(Short web captions)

»»

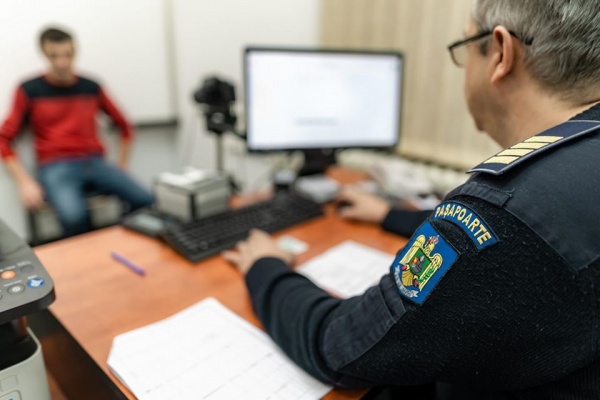 Peste o mie de pașapoarte eliberate  în februarie în județul Satu Mare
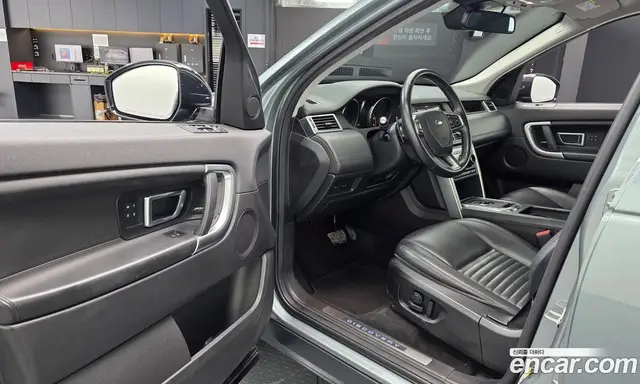 Land Rover Discovery Sport 2017 2.0 автомат (гидро), миниатюра 12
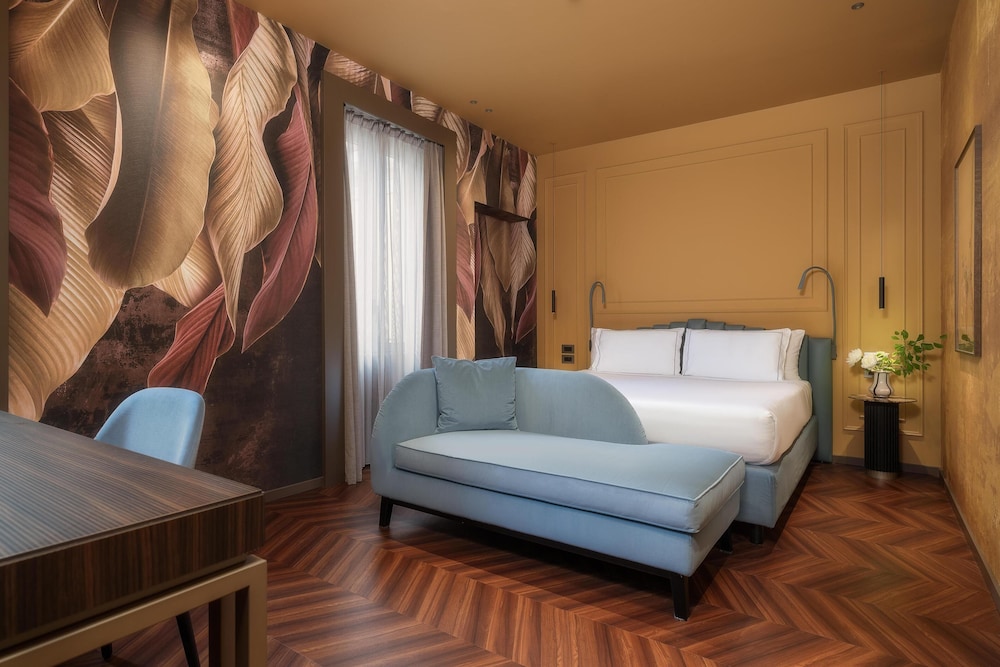 DELUXE, EXECUTIVE, KING BED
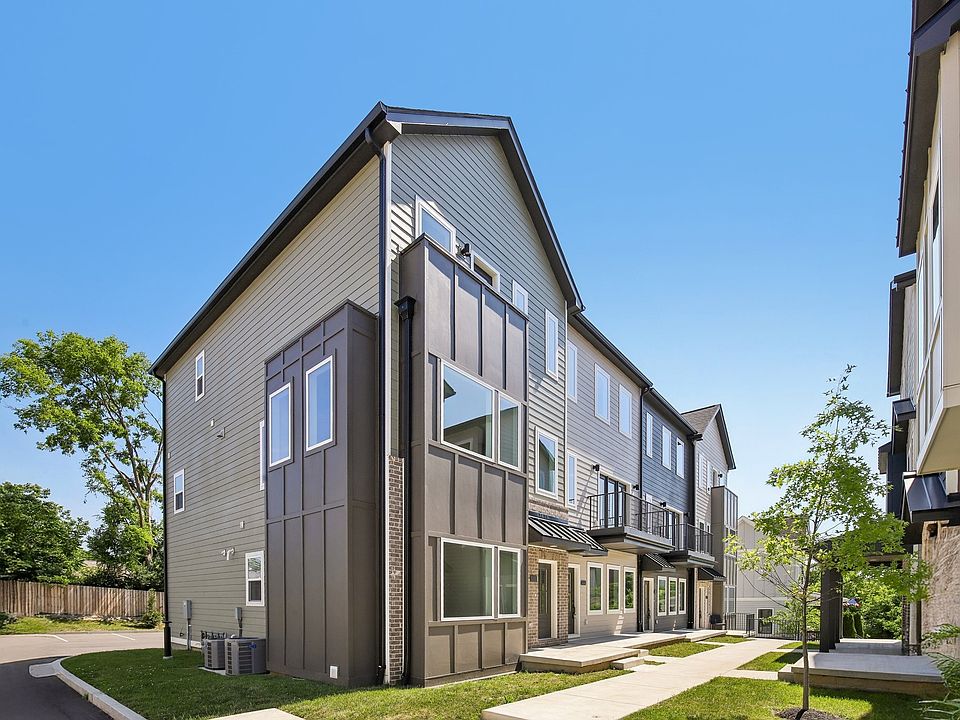 1st image of 6124 Robertson Ave #12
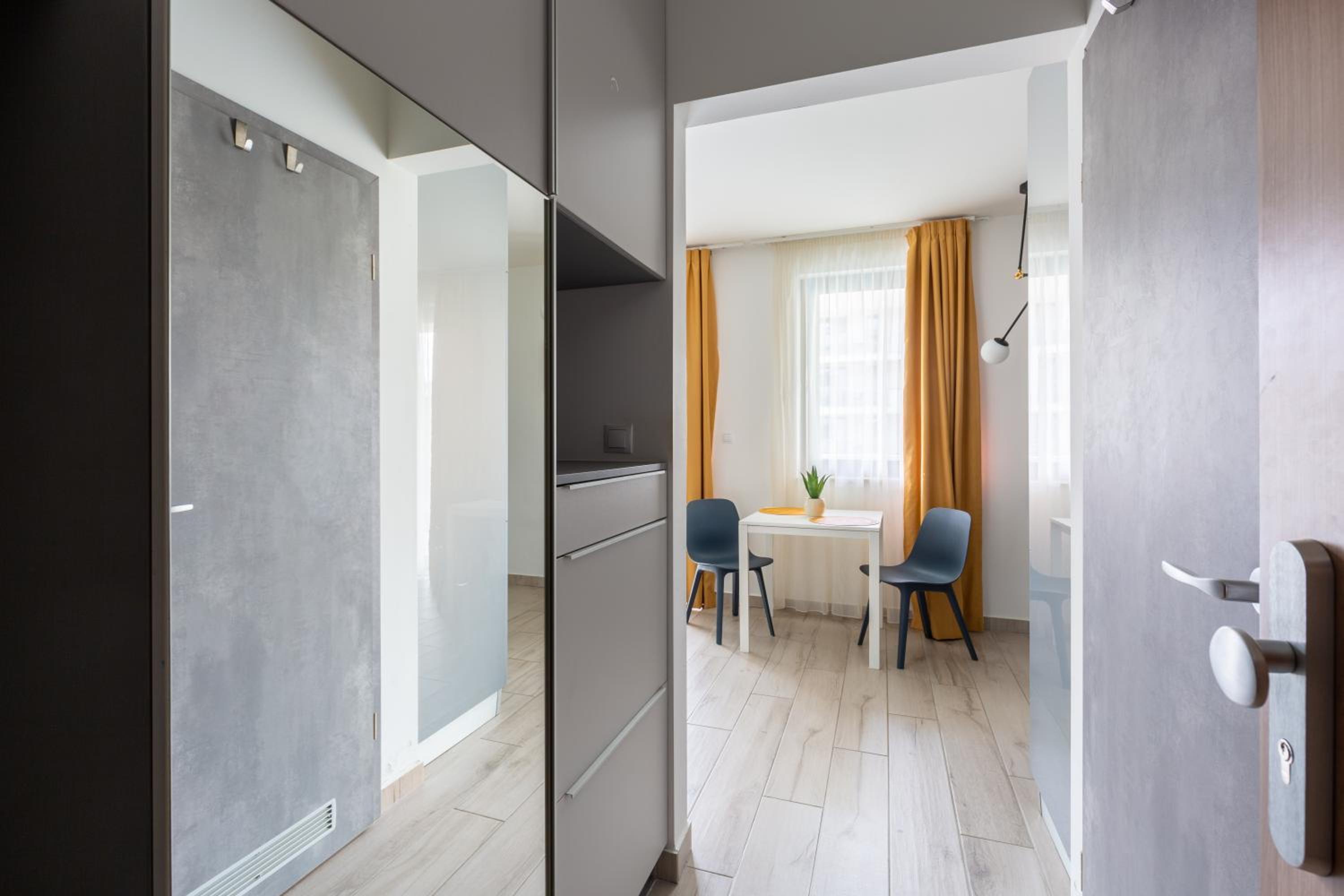 Studio Apartment - Photo 16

««

Take the data above and repeat it exactly, leaving each picture out.

 Peste o mie de pașapoarte eliberate  în februarie în județul Satu Mare
 Land Rover Discovery Sport 2017 2.0 автомат (гидро), миниатюра 12
 DELUXE, EXECUTIVE, KING BED
 1st image of 6124 Robertson Ave #12
 Studio Apartment - Photo 16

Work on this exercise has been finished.